Inclusion criteria for this study were: you got to be less than 12 weeks after the intestinal resection, need for immediate surgery, which included if there were any perineal abscesses, abscesses during previous anti-TNF therapy, or previous failure of, obviously, adalimumab. They looked at success at week 48. They looked for relapse-free, abscess-free survival, intestinal resection. They looked at the baseline factors for these patients. And the doses that they used of adalimumab were the appropriate FDA-approved doses of 160, 80, and 40 every other week.
And these were essentially people who were a little younger, in their 20s. About a third were active smokers. They've had disease for about anywhere from 0 to 16 months, median 2. And I think a third were on systemic corticosteroids, a third were on thiopurines or methotrexate. And this is overwhelmingly a small bowel Crohn's disease abscess study, for 86% of the patients. And I'd say only about 10% of them were drained percutaneously. On most of them you could see the visualized fistula tract, and these abscesses were about 25 mm or so in size. I would like to say everybody, but somehow 97%, or I guess a large percentage of them were systemic antimicrobials for the treatment of this.
Study results
Honesty, a really interesting study. A relapse-free survival, so defined as no intestinal resection or abscess, one year, 77%; two years, over 70%. And then even in adalimumab-exposed patients, obstruction was only in about 13%, recurrence, only 14%. Really, a kind of fascinating study. At four years of follow-up, the cumulative incidence rate of adalimumab failure was 50%, or so, and intestinal resection rates were about 25%.
So, definitely is an option in patients with recently diagnosed, remember it's short disease duration here, complicated with this really small inch abdominal abscess. Once controlling the abdominal sepsis with antimicrobials, you really could consider adalimumab as maintenance therapy, following the resolution of the abscess and in a multidisciplinary fashion.
Considerations for use
What you have to remember, in our practice when we think about this study, how we align these results, is this is patients with early disease, relatively small abscesses, very minimal requirements for percutaneous drainage. I'm not a fan of leaving a potentially drain in place, et cetera. And we don't know how commodating immunomodulators may look. And a very important thing to consider in these patients is whether or not there's element of fibrotic or stricturing disease, which we don't really have a lot of information on.

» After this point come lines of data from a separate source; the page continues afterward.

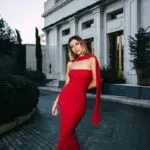 Maxi Στράπλες Γοργονέ Φόρεμα Με Λεπτομέρεια Φουλάρι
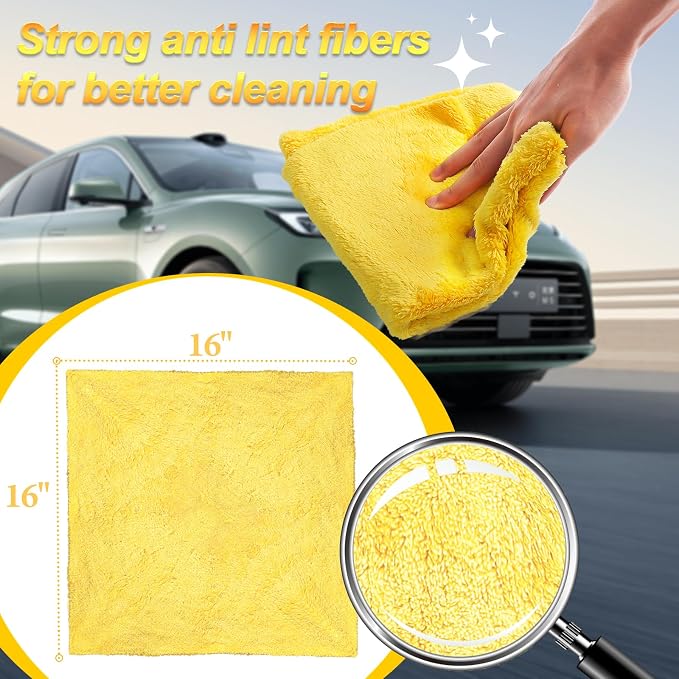 Car Wash Towels 16x16 - Coral Fleece, Yellow 6-Pack | 450gsm thick coral fleece. Highly absorbent, lint & scratch-free for auto detailing, washing, and home cleaning.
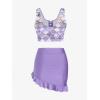 Rosegal Plus Size Women 3 Piece Tankini Swimsuit Holographic Mermaid Scale Print Lace-up Bathing Suit Swimwear(Purple_2)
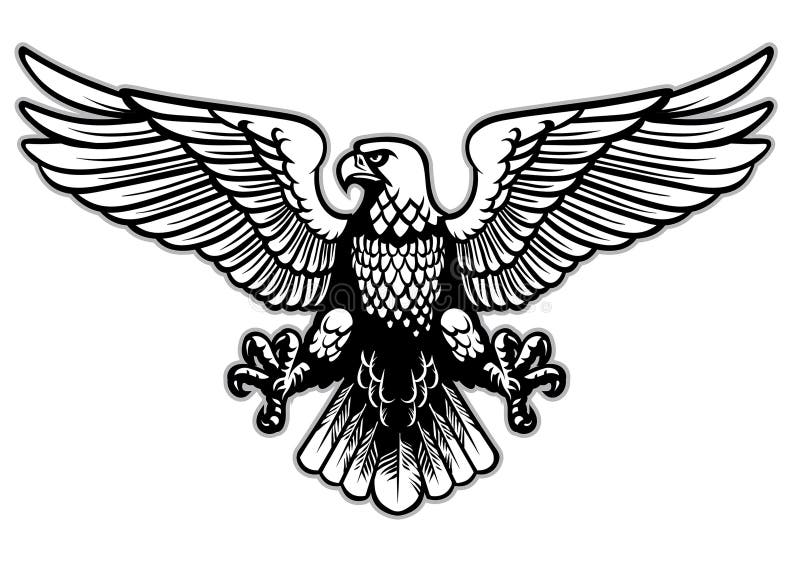 Aigle héraldique noir et blanc illustration de vecteur Aigle héraldique noir et blanc illustration de vecteur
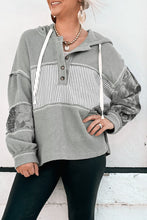 Load image into Gallery viewer, Waffle Printed Patchwork Drawstring Hooded Long Sleeve Top
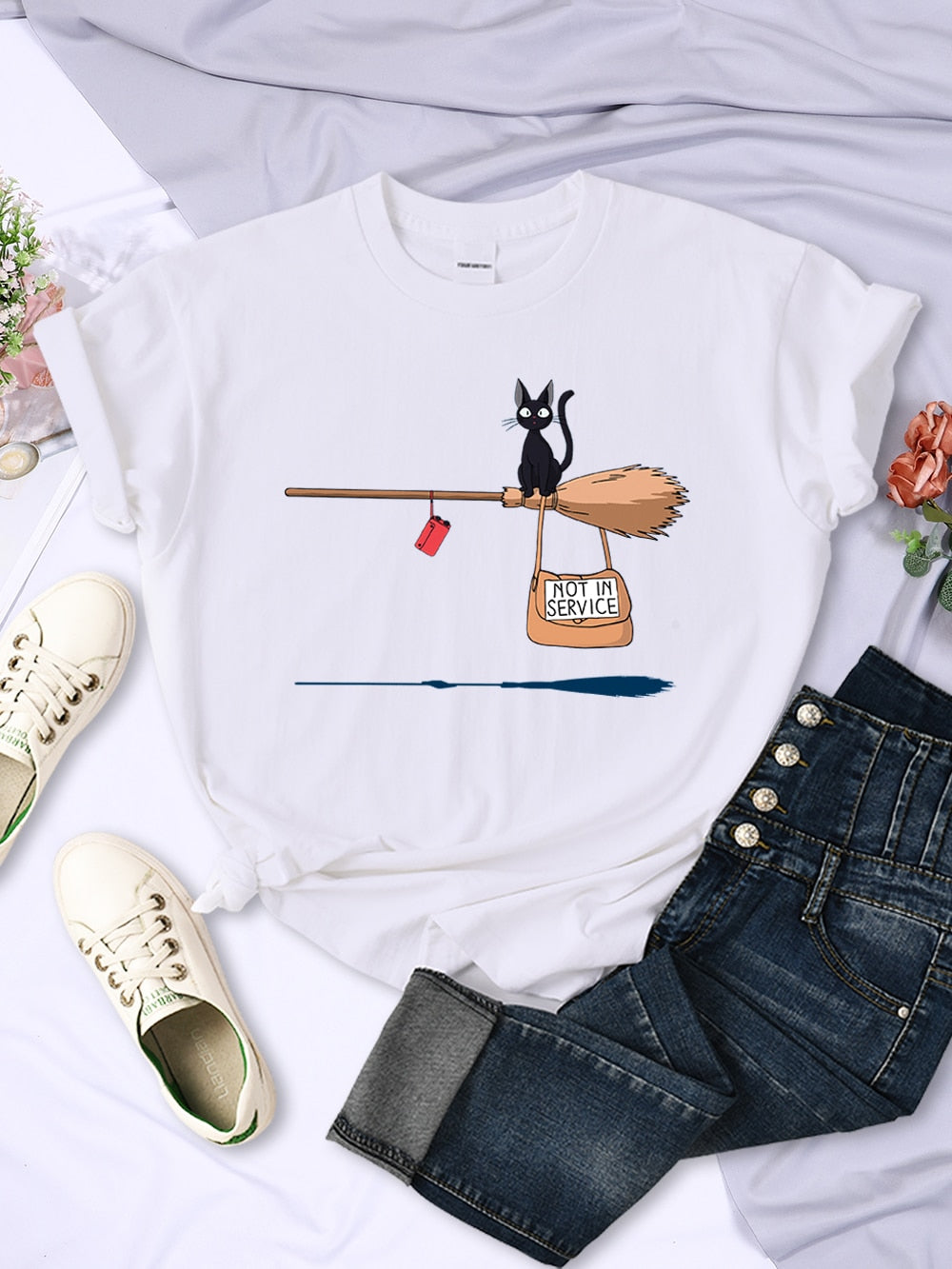 Cute Cat Not In Service Comics Tops Women Soft Cartoons Kawaii T-Shirt Fashion O-Neck Short Sleeve Female Clothing Couple Tees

Certainly, treating when that's on board, maybe potentially an operative approach may be of benefit, honestly. As you know, our antifibrotic therapies are quite limited at this point to almost non-existent. We don't have a lot of other evidence and other biologics, let alone things outside of the TNF inhibitor class. So any extension to that would be exploratory events and that's supported by this study.

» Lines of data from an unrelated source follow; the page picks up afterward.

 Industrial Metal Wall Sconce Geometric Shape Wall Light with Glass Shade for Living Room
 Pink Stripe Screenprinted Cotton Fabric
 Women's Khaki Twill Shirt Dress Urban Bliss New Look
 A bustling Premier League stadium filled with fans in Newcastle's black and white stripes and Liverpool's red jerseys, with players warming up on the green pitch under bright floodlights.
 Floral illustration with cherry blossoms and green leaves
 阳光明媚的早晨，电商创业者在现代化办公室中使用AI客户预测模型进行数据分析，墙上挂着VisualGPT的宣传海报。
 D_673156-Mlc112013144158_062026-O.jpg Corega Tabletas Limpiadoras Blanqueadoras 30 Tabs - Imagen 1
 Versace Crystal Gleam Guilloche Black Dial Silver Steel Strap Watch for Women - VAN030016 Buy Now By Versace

I will say in my practice I've had utilized those approaches occasionally, and had varying success. I think it's something to consider, but the most important thing here is to realize that there are patients that you can potentially recuperate and improve. And should there be an operation necessary, there's a lot of data now that TNF inhibitors are safe in patients who require operations downstream. Out of the scope of this trial, but we know stuff from the PUCCINI study that when we were awaiting its final release that operating on patients with TNF inhibitors on board is relatively safe, as long as steroids and nutrition are under good control. So, a really important way that we can potentially help a lot of patients, and feel better about some of our treatment decisions.